Veja, por exemplo, porque "Morte em Veneza" é um dos filmes mais aclamados do século do cinema. A complexa e sutil relação da novela original do escritor alemão Thomas Mann com a música de Gustav Mahler (cuja biografia inspirou Mann) está toda ali no filme de Visconti, no enquadramento delicado e preciso, no eixo dos olhares do protagonista (o sensível ator britânico Dirk Bogarde) sobre seu objeto de amor, o garoto Tadzio (o sueco Bjorn Anderssen). Enquanto Veneza se decompõe na agonia da Belle Époque e no epicentro de uma epidemia de cólera, o sofrido compositor vivido por Bogarde descobre uma tardia paixão homoerótica: é a (re)descoberta da beleza, do amor e da morte num painel habilmente composto pelo mestre italiano. Como diz Denilson Lopes, em seu livro "O Homem que Amava Rapazes", esse filme "é uma ópera de olhares... o velho músico recebe do jovem algo de tão poderoso que conduz a uma perda de referências, a uma destruição de valores, como se sua experiência, seu mundo desmoronasse".
Por outro lado, se as cores trágicas de "Morte em Veneza" perduram vibrantes ao longo dos anos, as críticas em torno do filme raramente se desvinculam de considerações biográficas. Quando o filme foi lançado no Brasil, em 1971, a conservadora revista "Veja" o resenhou com o título de "Dupla Morte". Destacar a "decadência" de Visconti parecia, na época, ser o alvo habitual dos jornalistas mais tacanhos. O próprio Visconti chegou a declarar, irônico: "Sempre me trataram como decadente. Tenho da decadência uma opinião bastante favorável. Estou imbuído dessa decadência". É claro que, para o jornalismo mundano, essa "decadência" vinha associada ao fato de Visconti ter origem familiar aristocrática (decadente!), ser marxista (contraditório!) e, o que incomodou muitos, declarar-se corajosamente homossexual (intolerável!).

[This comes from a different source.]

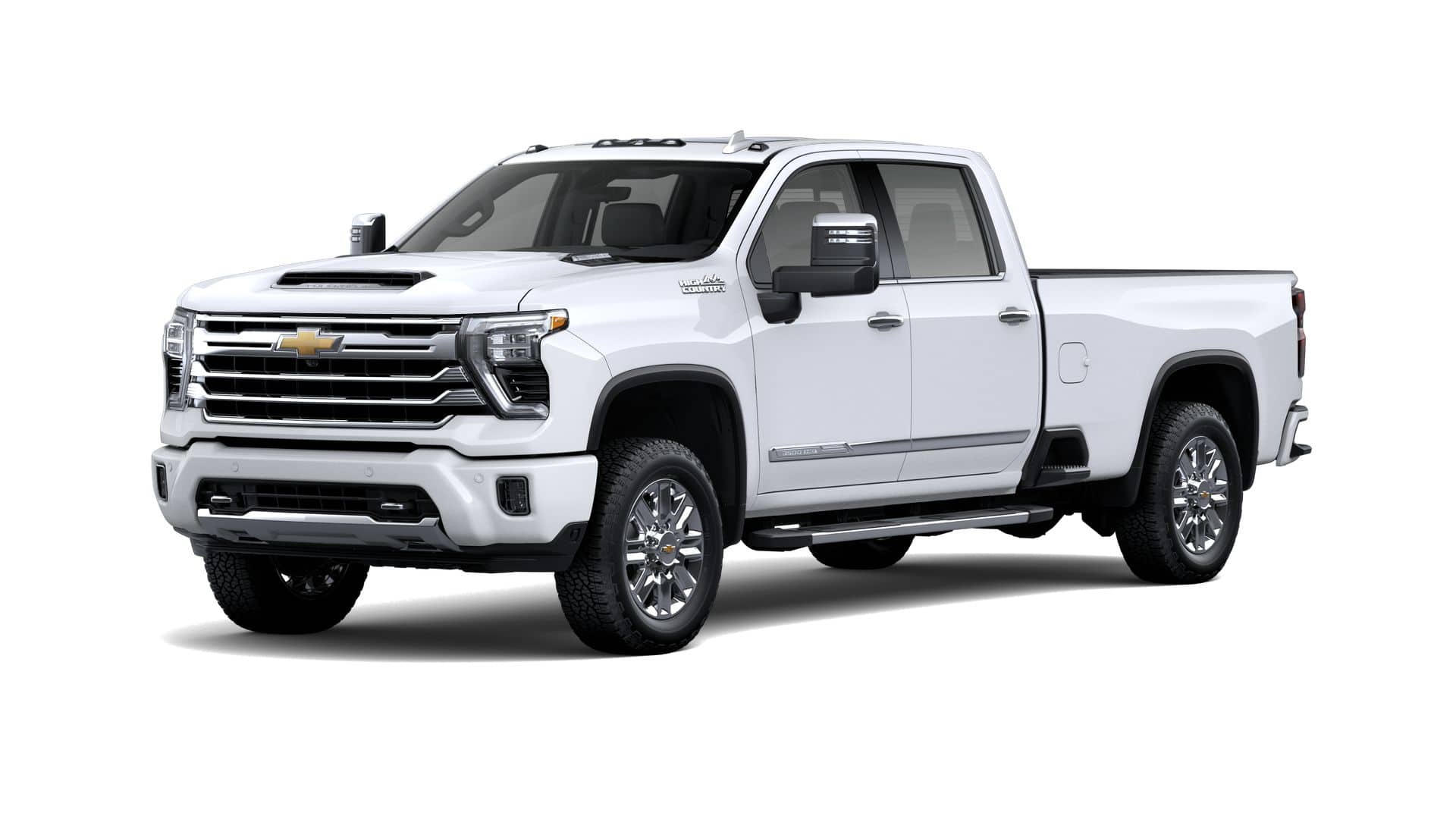 2026 Chevrolet Silverado 3500 HD High Country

A propósito de "Morte em Veneza", por exemplo, é quase sempre lembrado que Mann, Mahler e Visconti (e Bogarde) compartilhavam dessa visão homoerótica do mundo.
Esses dados, hoje, parecem menores e mesmo desnecessários quando se avalia a importância e autonomia de sua obra. Ao mesmo tempo, nos permitem perceber a familiaridade que o autor tinha exatamente com esses temas. Visconti trataria da decadência social e política em muitos filmes. No excepcional "Os Deuses Malditos" ele faz um retrato impiedoso da ascensão do nazismo. Esse filme de 1969 conta com um elenco privilegiado (novamente Bogarde, acompanhado de Ingrid Thulin, Helmut Berger e Florinda Bolkan) e tem cenas antológicas. Numa delas, o personagem de Berger choca sua família, fazendo uma drag dos típicos cabarés berlinenses da época. Numa outra, de reconstituição histórica primorosa, as tropas SS invadem a concentração das SA para perpetrar o massacre que definiria o poder militar alemão antes da Segunda Guerra; os integrantes das SA são tomados de surpresa, em plena orgia homoerótica. Visconti dá conta, assim, de fatos já celebrados, mas traz dados geralmente ocultos dos livros da história oficial.
Helmut Berger seria recrutado mais uma vez, em 1973, para representar a decadência de "Ludwig", o Rei da Baviera, cuja loucura, no filme, serve para espelhar complexidades sociais e políticas do processo histórico da unificação alemã. As ambíguas relações de Ludwig com o compositor Richard Wagner (protagonizado pelo veterano Trevor Howard) e sua prima, a imperatriz Elisabeth da Áustria, são mostradas de forma poética, em que figurinos, objetos e cenários participam como verdadeiros personagens. Vale lembrar que Elisabeth é vivida pela belíssima Romy Schneider, que já tinha representado o mesmo papel na série "Sissi", melodrama alemão dos anos 50. A versão de "Ludwig" que está na mostra é a integral, de 237 minutos -- não a mutilada pelos produtores por ocasião de seu lançamento.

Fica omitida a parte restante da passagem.